Short web captions
━━━━━━━━━━━━━━━━━━━━

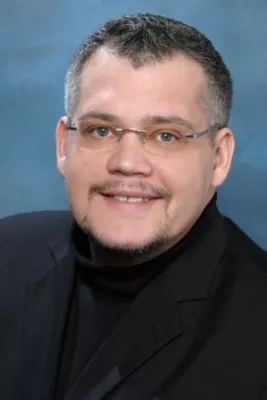 Bild: Betriebswirt + Weiterbildungsengagement = Karriereturbo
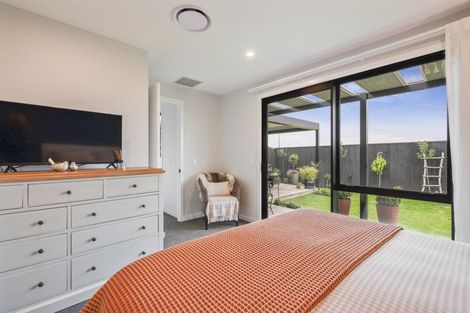 Photo of property in 18 Ellmers Street, Woodend, 7691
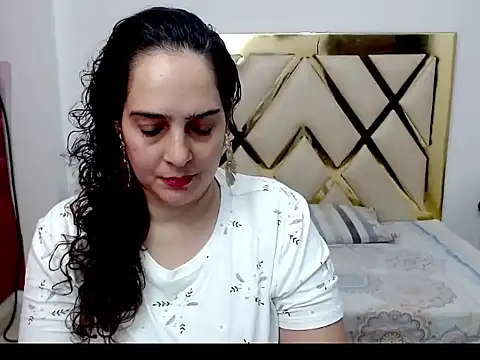 Snapshot of rebecamontero chatting on July 6, 2026, 4:42 pm rebecamontero online show from July 6, 2026, 4:42 pm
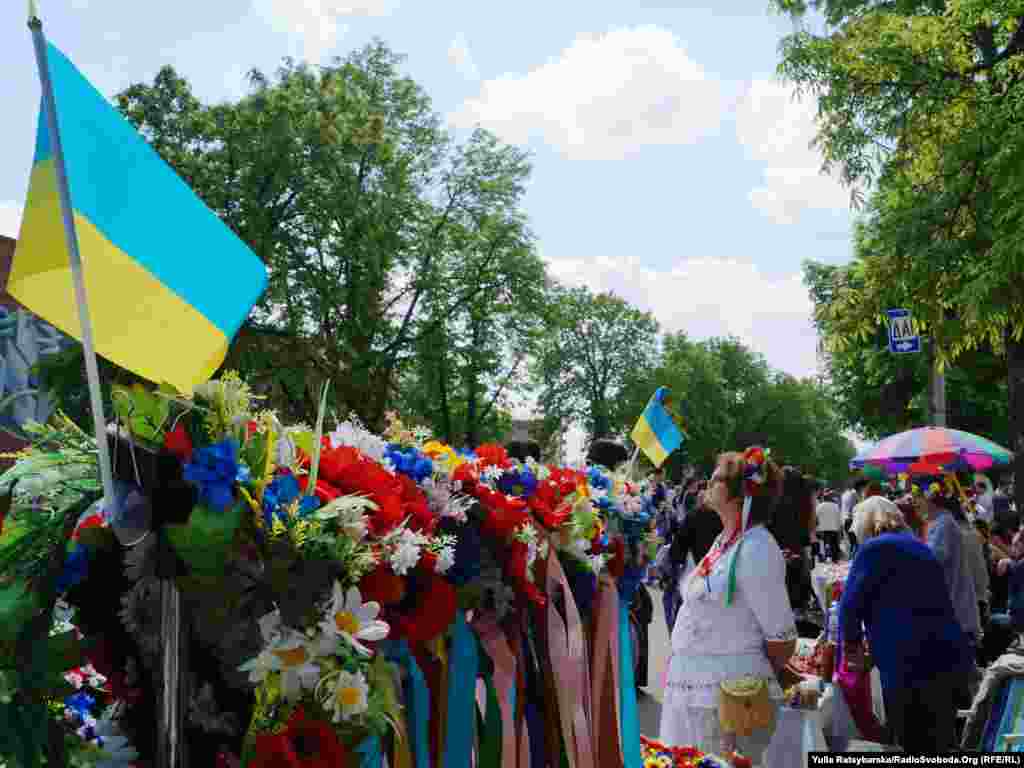Ukraine -- 1 May in Reshetylivka, Poltavsk region, 1May2015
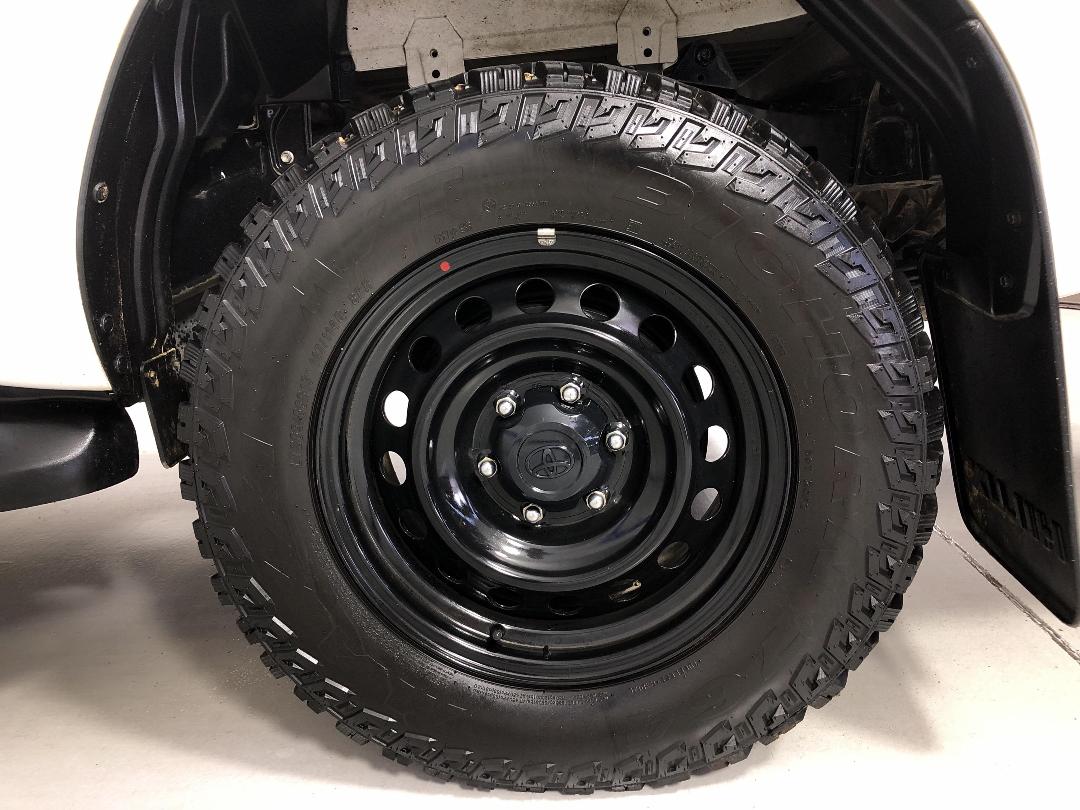 Photo '11' of Toyota Hilux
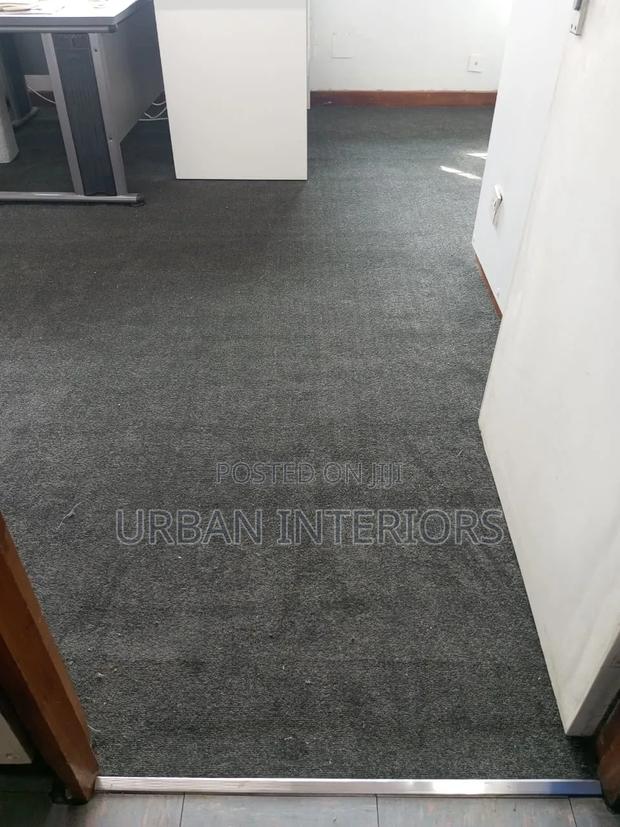 Charcoal Grey Carpet Charcoal Grey Carpet in Small Offices - thumbnail 2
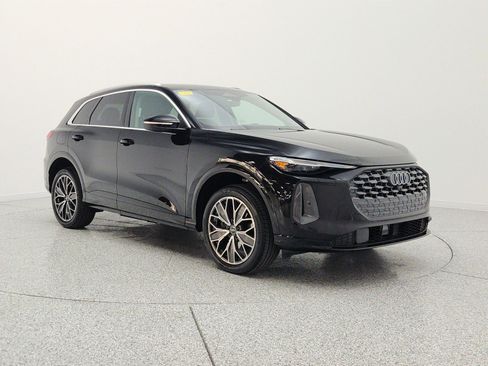 Used 2025 Audi Q5 Premium Plus w/ Premium Plus AWD/4WD image 3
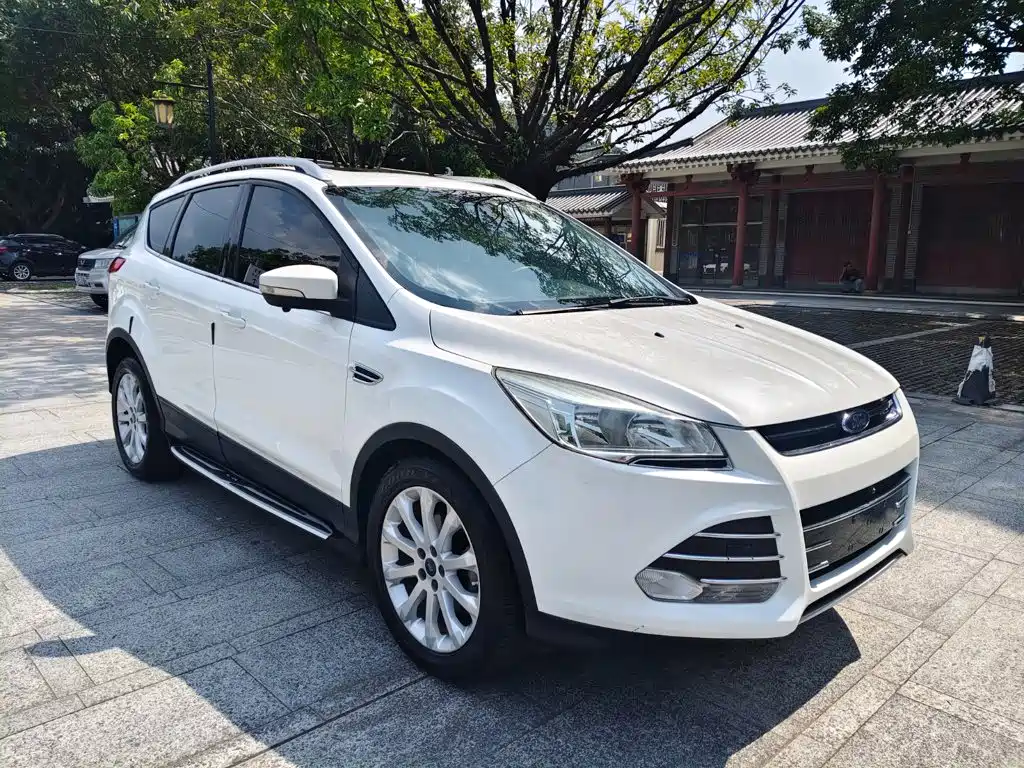 Ford Kuga — миниатюра 2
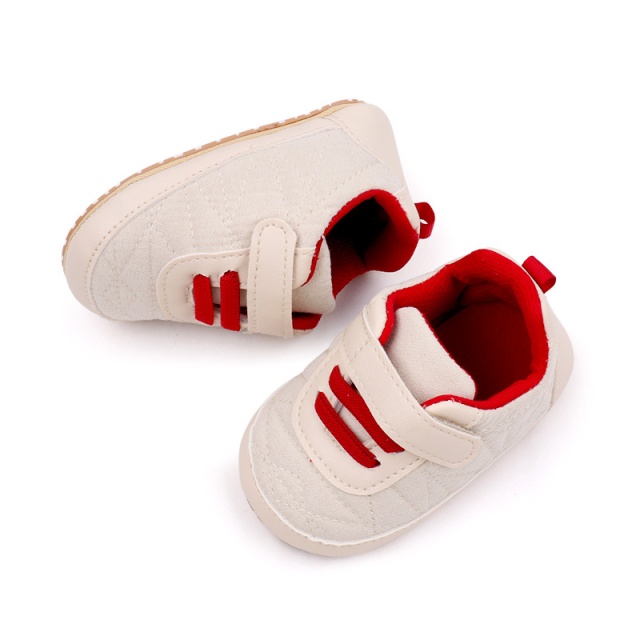 Pantofiori crem cu sireturi rosii pentru baietei (marime disponibila: 6-9 luni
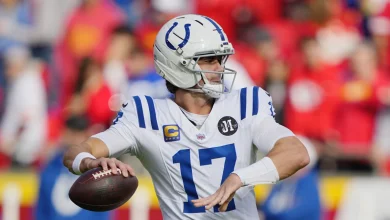 Report: Daniel Jones has a fracture in fibula, plans to keep playing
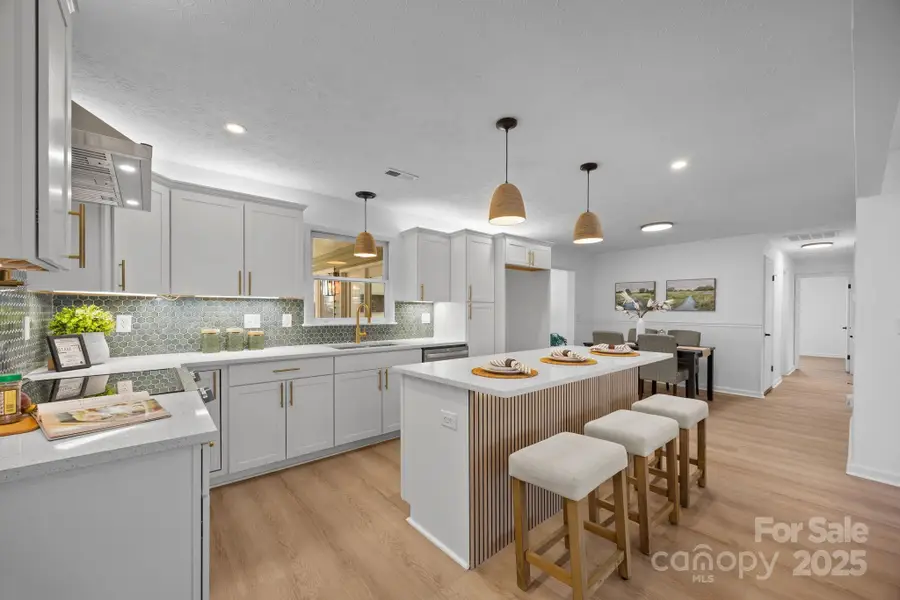 23 Coronet Lane, Hendersonville, NC 28792 - Image #2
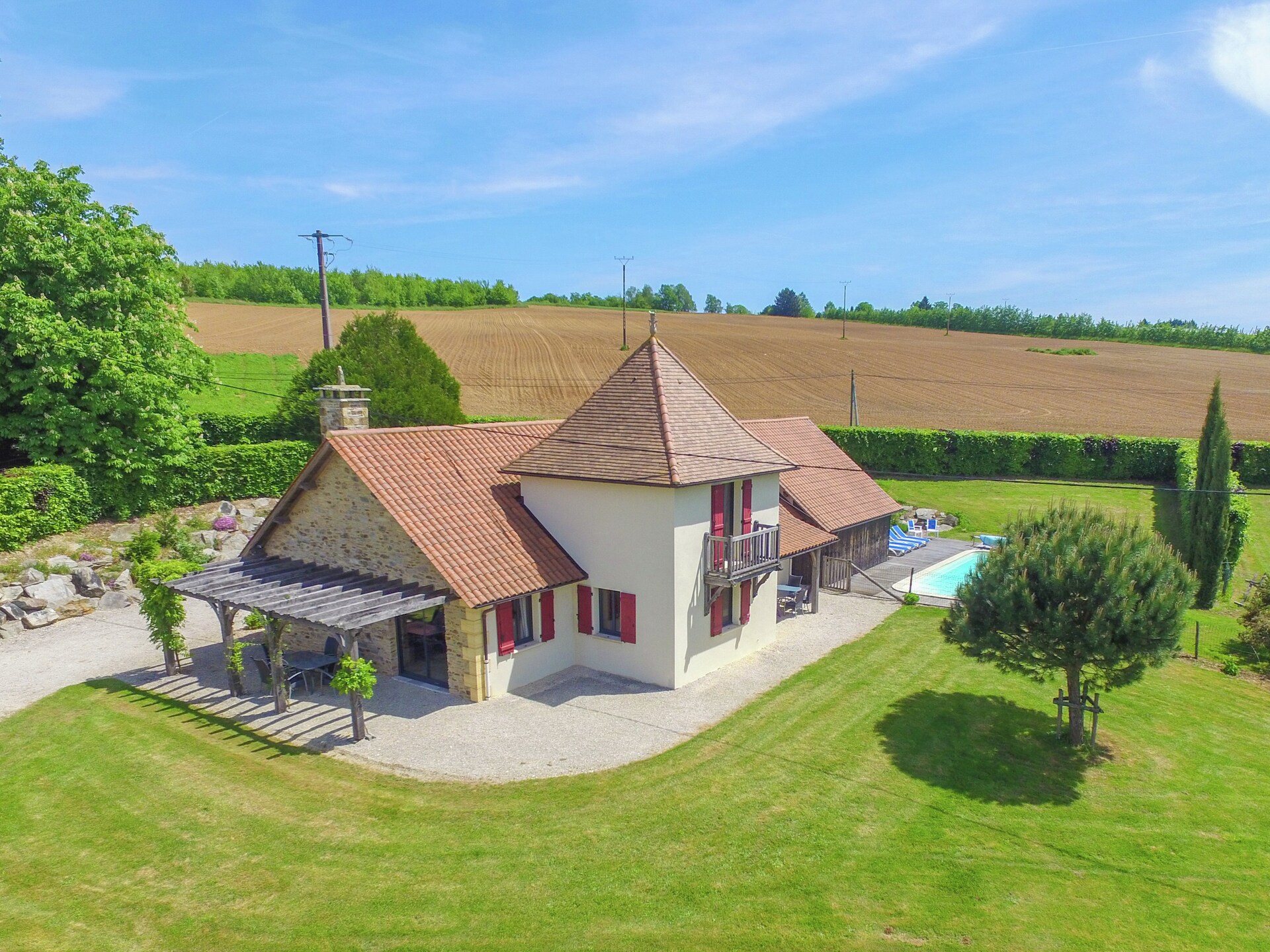Villa La Petite Tour: 10-persoons bosvilla met privétuin bij Saint-Médard-d'Excideuil - foto 1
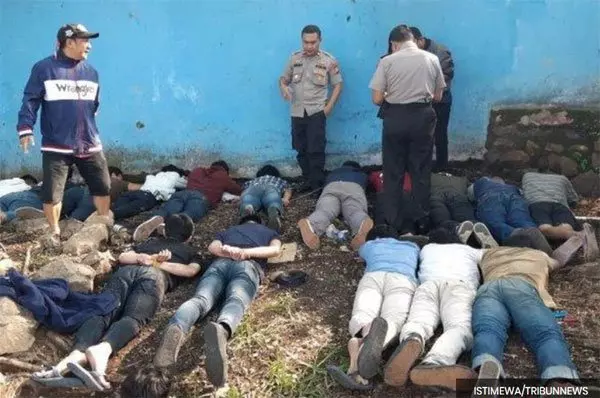 印尼首都雅加達的街頭髮生摩哆黨暴亂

━━━━━━━━━━━━━━━━━━━━

Your assignment -
Without the pictures, retype each line of the records above exactly.

Result -
 Bild: Betriebswirt + Weiterbildungsengagement = Karriereturbo
 Photo of property in 18 Ellmers Street, Woodend, 7691
 Snapshot of rebecamontero chatting on July 6, 2026, 4:42 pm rebecamontero online show from July 6, 2026, 4:42 pm
Ukraine -- 1 May in Reshetylivka, Poltavsk region, 1May2015
 Photo '11' of Toyota Hilux
 Charcoal Grey Carpet Charcoal Grey Carpet in Small Offices - thumbnail 2
 Used 2025 Audi Q5 Premium Plus w/ Premium Plus AWD/4WD image 3
 Ford Kuga — миниатюра 2
 Pantofiori crem cu sireturi rosii pentru baietei (marime disponibila: 6-9 luni
 Report: Daniel Jones has a fracture in fibula, plans to keep playing
 23 Coronet Lane, Hendersonville, NC 28792 - Image #2
Villa La Petite Tour: 10-persoons bosvilla met privétuin bij Saint-Médard-d'Excideuil - foto 1
 印尼首都雅加達的街頭髮生摩哆黨暴亂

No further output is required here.